Les articles 73 ou 74 de la Constitution ouvrent la possibilité d’opter pour la création d’une collectivité unique se substituant à la Région et au Département, et de décider quelles nouvelles compétences pourraient être dévolues à cette collectivité, dans des domaines ne touchant pas aux libertés et aux droits fondamentaux, ainsi qu’aux prérogatives régaliennes de la République.

L’examen de cette option semble subordonné à une cohérence géographique et d’échelle.

En effet on constate :



  • Pour la partie insulaire des Caraïbes : les iles « sœurs » que sont la Martinique et la Guadeloupe liées par une histoire, une culture et des intérêts convergents. Tout porte à croire qu’elles ont une destinée commune.

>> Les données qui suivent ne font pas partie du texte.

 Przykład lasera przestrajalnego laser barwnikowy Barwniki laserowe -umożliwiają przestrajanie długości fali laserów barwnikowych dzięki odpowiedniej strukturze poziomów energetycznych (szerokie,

  • Pour la partie continentale des Caraïbes : la Guyane avec ses particularités.

  • Pour l’océan indien : la Réunion avec en devenir Mayotte (2011)

A l’échelle des comparaisons et sur la base des statistiques 2008, la Guadeloupe (402.000 ha) et la Martinique ( 399.000 ha) réunies représentent à peu prés la population de la Réunion ( 795.000 ha) c'est-à-dire la population de la communauté d’agglomération de Toulouse qui est inscrite dans une organisation administrative, semble-t-il, dynamique et efficace pour le contribuable et qui n’a pas la qualité ni de département et à fortiori, ni de région..

L’empilement à l’extrême des strates locales sur un même territoire aux contours de décision peu lisibles et les charges de fonctionnement qui en résultent, conduise à adapter cette organisation aux exigences d’un développement ambitieux.



Proposition

Selon l’évolution souhaitée par les populations concernées, le Groupe de travail suggère :



  • dans le cadre de la cohérence géographique et la convergence d’intérêts multiples, que soient maintenus les départements de la Martinique et de la Guadeloupe, mais en revanche, que ces iles soit réunie par une assemblée unique régionale dotée d’une réelle capacité de faire.

  • l’instauration d’une assemblée unique pour la Guyane regroupant le département et la région

  • l’instauration d’une assemblée unique pour la Réunion regroupant le département et la région. Cette disposition serait susceptible d’accueillir Mayotte en 2011.

Se poseront les problématiques liées à la rationalisation des chambres consulaires et des syndicats intercommunaux, à la formation des intercommunalités et à leurs compétences et à la sur représentativité.